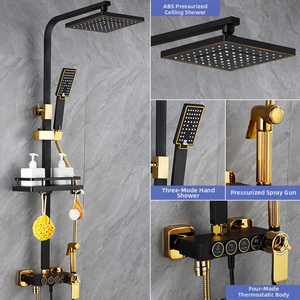 Ensemble de <span class=keywords><strong>douche</strong></span> moderne pour salle de bain, système de <span class=keywords><strong>douche</strong></span> pluie pressurisé à 3-4 fonctions avec bouton-poussoir, douchette à main et douchette bidet - Product Image 3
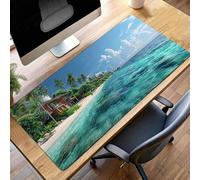 Tapis de Souris Gaming OcéAn, Tapis de Souris XXL 1400x600x3mm, Étendue Base Anti-Dérapage Mat, Imperméable Surface, Bords Cousus, Lavable Mouse Pad Bleu pour Bureau Ordinateur PjY10130 5-Y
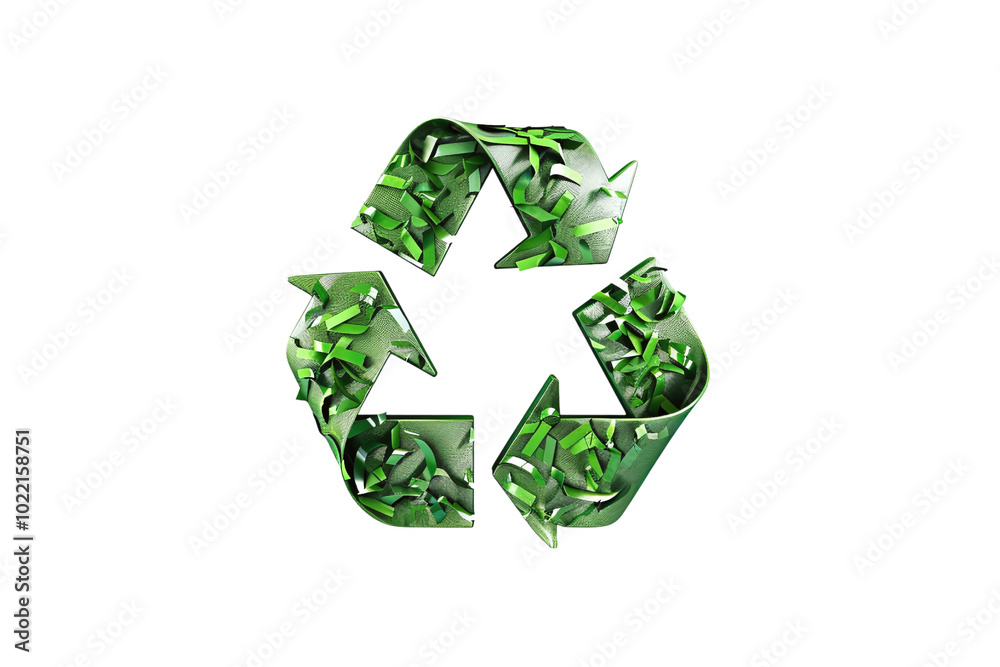 Green recycle symbol with leaves isolated on white background. Generative ai Green recycle symbol with leaves isolated on white background. Generative ai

# What the task asks
Your task is to repeat the material above exactly, without its pictures.

# Answer box
 Ensemble de <span class=keywords><strong>douche</strong></span> moderne pour salle de bain, système de <span class=keywords><strong>douche</strong></span> pluie pressurisé à 3-4 fonctions avec bouton-poussoir, douchette à main et douchette bidet - Product Image 3
 Tapis de Souris Gaming OcéAn, Tapis de Souris XXL 1400x600x3mm, Étendue Base Anti-Dérapage Mat, Imperméable Surface, Bords Cousus, Lavable Mouse Pad Bleu pour Bureau Ordinateur PjY10130 5-Y
 Green recycle symbol with leaves isolated on white background. Generative ai Green recycle symbol with leaves isolated on white background. Generative ai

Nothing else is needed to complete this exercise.